# Trudy & Florence



## catcoonz (Aug 4, 2012)

Both beautiful girls who will need new slaves around 6 weeks time.

Anybody interested, you know where I am.


----------



## catcoonz (Aug 4, 2012)

This is Florence.


----------



## JaimeandBree (Jan 28, 2014)

What lovely little fluffies! Miss Florence needs to grow into her ears! 
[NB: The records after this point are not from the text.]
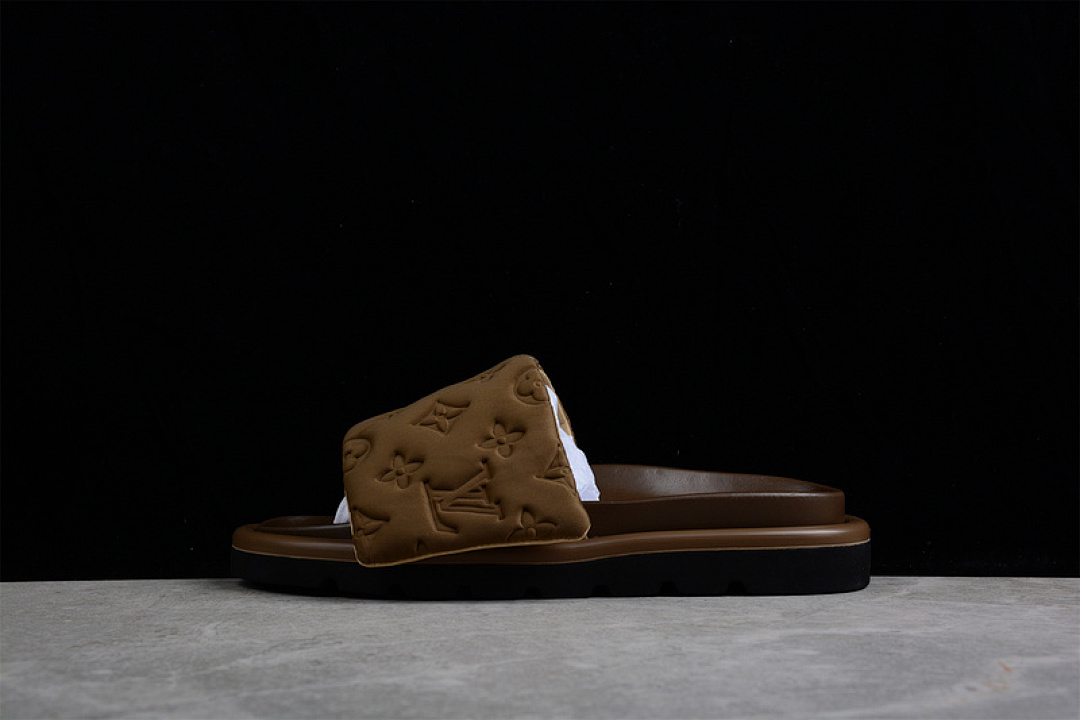 Louis Vuitton Louis Vuitton [L*V SHOES KHAKI/KHAKI/KHAKI]-[WOMAN:35-39]-[MAN:40-45], photo 1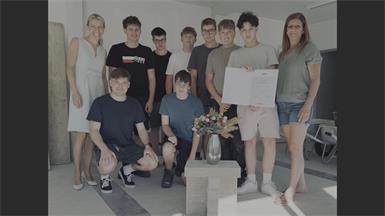 Bauinnungsgeschäftsführerin Katrin Sagmeister überbrachte der Schule eine Urkunde.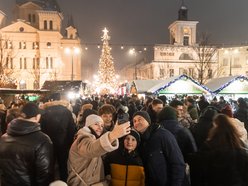 Tłumy na otwarciu Jarmarku Bożonarodzeniowego w Łodzi. Byłeś/aś? Znajdź się na zdjęciach!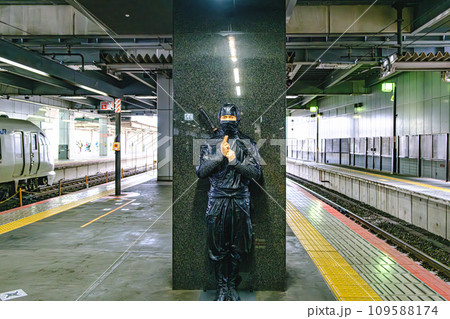 京都駅嵯峨野線ホームの忍者 京都駅嵯峨野線ホームの忍者 109588174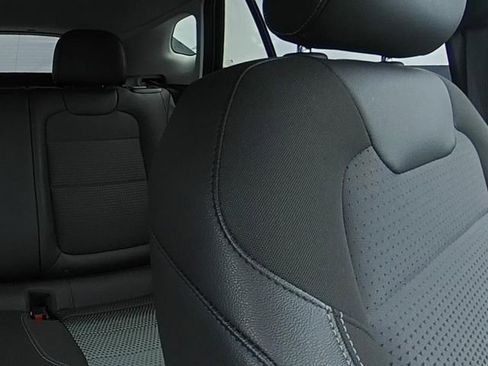 Used 2025 Chevrolet Trax LT w/ LT Convenience Package FWD image 22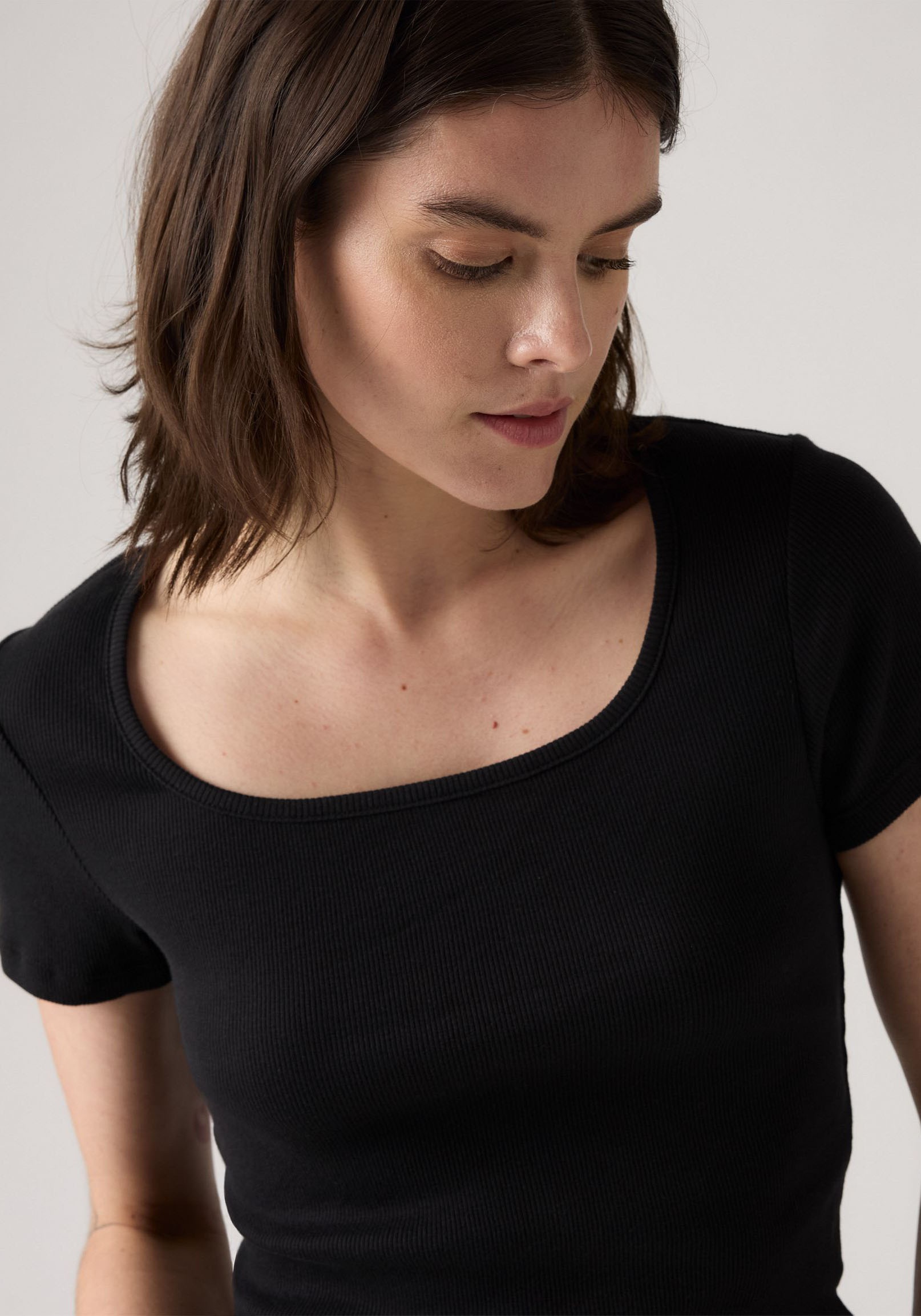 Levi's® T-Shirt »ESSENTIAL SQRD NE«, Feinrippqualität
Hope they both find homes soon xxx


----------



## catcoonz (Aug 4, 2012)

Miss Florence also needs to learn sitting pretty and purring will not get her my dinner.


----------



## Maiaetta (Jul 3, 2014)

Oh they are beautiful


----------



## Mum to Missy (Aug 13, 2013)

I think Trudy is adorable, Florence too, but for me it's Trudy by a whisker


----------



## Maiaetta (Jul 3, 2014)

I like Florence's ears &#10084;&#65039;&#10084;&#65039;&#10084;&#65039;&#128522;


----------



## Polski (Mar 16, 2014)

Trudy is actually my dream cat, always wanted a fluffy tuxedo unfortunately i'm at my limit


----------



## Polly G (Apr 30, 2013)

I am sure these beautiful little girls will be snapped up in no time. Good luck babies x


----------



## catcoonz (Aug 4, 2012)

Trudy & Florence both have new homes to go to and will stay together.


----------



## JaimeandBree (Jan 28, 2014)

Hooray, gald to hear this, hope the new owners keep the names they' so cute!


----------



## Mum to Missy (Aug 13, 2013)

Great news they have found their forever home  xx


----------